The Woman in Black (2012): Things that Make You Go Boo

Taking the Blu-ray’s message to heart, I didn’t watch it alone. I watched it with my daughter and it still scared me. We both watched the stage version of this film and that scared us silly. I was afraid that the film had some pretty big metaphorical shoes to fill. But I needn’t have worried, the film has as good a scare factor as the play.

Directed by  James Watkins , this was his second time in the drivers seat (the first time was the exceptional Eden Lake) but you’d never know by watching the film that this was his second time at bat.  Daniel Radcliffe does an excellent job of snapping his wand in two and ditching his cape to break away from the Harry Potter universe. I didn’t find my self looking for Hermoine Granger or Ron Weasley once.

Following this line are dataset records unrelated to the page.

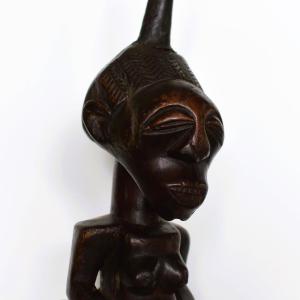 Ancient Songye Nkishi Fetish - Female Power Figure - Congo Drc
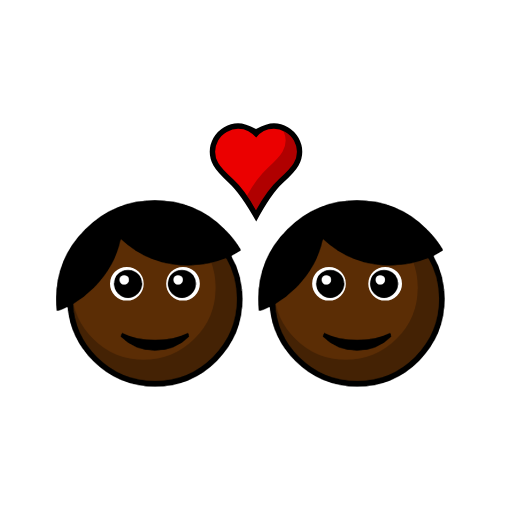 Couple With Heart: Person, Person, Dark Skin Tone Couple With Heart: Person, Person, Dark Skin Tone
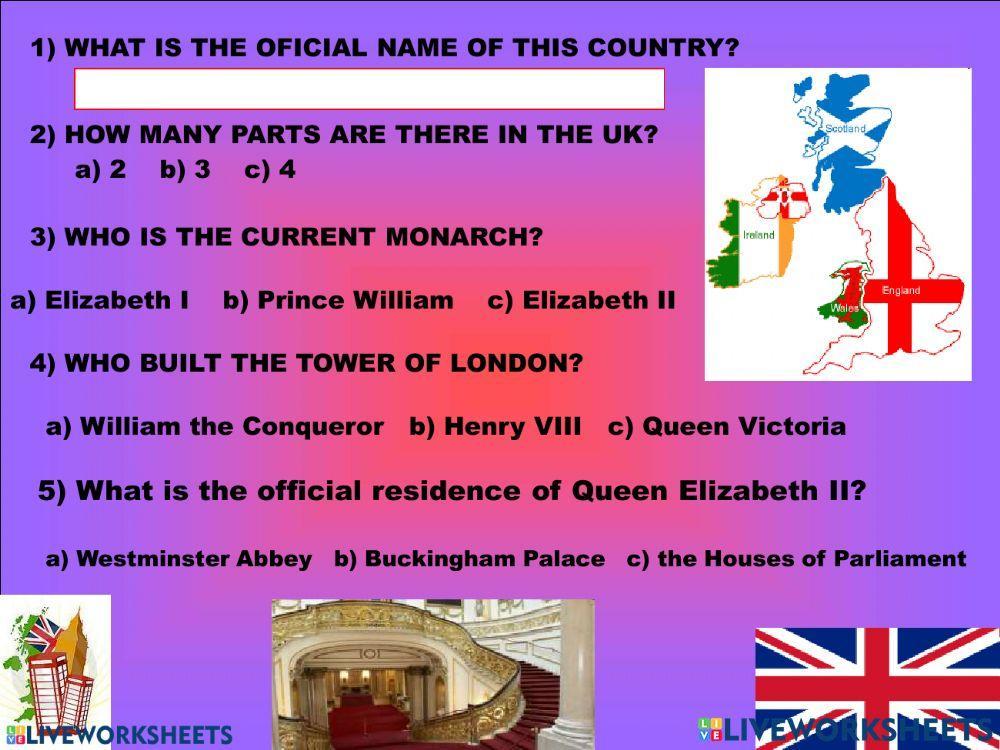 The United Kingdom Quiz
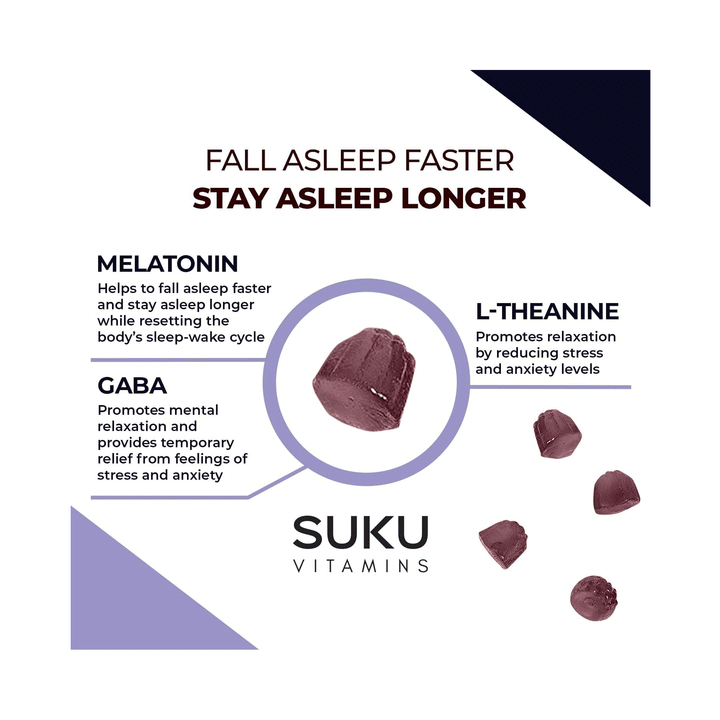 Suku Vitamins - Restful Sleep - Blackberry, 60 Gummies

The Readers Digest version of the plot is as follows: A Young solicitor (lawyer) loses his wife to childbirth. He mourns her passing so much that he is in danger of losing his job as well. In a bid to help him get back on track, his employer sends him to the north of England to go through a recently deceased widows paperwork to determine if the firm have the most recent will.  The young Solicitor (Arthur Kipps) travels to Cryphin Gifford  a remote village that is closest to the deceased woman’s house Eel Marsh House. While on the train Arthur meets Sam Daily (Played with quiet conviction by actor Ciarán Hinds) who is from the village and Sam offers Arthur a lift to the local inn.

Arthur’s reception is cool to the point of freezing. No one wants him there and they definitely do not want him to go to Eel Marsh House. In fact the only people in the village who do not snub Arthur are Sam and his wife (Janet McTeer). Mrs Daily  is not particularly on the ball. She has never recovered from the loss of their son. Arthur finally gets someone to take him to the mansion.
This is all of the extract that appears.